Content starts

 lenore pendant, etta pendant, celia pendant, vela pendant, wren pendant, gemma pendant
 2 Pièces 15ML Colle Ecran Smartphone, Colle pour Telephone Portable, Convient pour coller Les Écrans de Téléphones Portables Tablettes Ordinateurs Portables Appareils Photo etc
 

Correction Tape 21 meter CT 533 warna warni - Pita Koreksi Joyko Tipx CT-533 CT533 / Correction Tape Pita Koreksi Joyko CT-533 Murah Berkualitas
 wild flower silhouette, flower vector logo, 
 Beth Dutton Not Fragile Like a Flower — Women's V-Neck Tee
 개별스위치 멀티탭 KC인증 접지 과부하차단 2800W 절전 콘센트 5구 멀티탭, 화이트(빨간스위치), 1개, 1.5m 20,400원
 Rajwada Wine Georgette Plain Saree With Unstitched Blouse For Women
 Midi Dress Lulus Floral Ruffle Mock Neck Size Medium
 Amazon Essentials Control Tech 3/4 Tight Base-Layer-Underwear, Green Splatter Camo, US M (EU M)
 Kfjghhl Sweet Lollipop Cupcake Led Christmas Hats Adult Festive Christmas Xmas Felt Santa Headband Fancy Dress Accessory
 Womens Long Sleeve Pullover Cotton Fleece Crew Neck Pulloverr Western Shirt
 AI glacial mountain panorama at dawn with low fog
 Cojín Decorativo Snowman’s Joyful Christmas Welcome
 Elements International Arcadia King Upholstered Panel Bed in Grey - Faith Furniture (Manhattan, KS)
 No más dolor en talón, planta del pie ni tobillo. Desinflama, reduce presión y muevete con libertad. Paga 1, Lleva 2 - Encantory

Content ends

# EXERCISE DESCRIPTION
The line containing "Amazon Essentials Control" marks where to begin; copy it and every later line exactly, through the end of the data.

# TASK OUTPUT
 Amazon Essentials Control Tech 3/4 Tight Base-Layer-Underwear, Green Splatter Camo, US M (EU M)
 Kfjghhl Sweet Lollipop Cupcake Led Christmas Hats Adult Festive Christmas Xmas Felt Santa Headband Fancy Dress Accessory
 Womens Long Sleeve Pullover Cotton Fleece Crew Neck Pulloverr Western Shirt
 AI glacial mountain panorama at dawn with low fog
 Cojín Decorativo Snowman’s Joyful Christmas Welcome
 Elements International Arcadia King Upholstered Panel Bed in Grey - Faith Furniture (Manhattan, KS)
 No más dolor en talón, planta del pie ni tobillo. Desinflama, reduce presión y muevete con libertad. Paga 1, Lleva 2 - Encantory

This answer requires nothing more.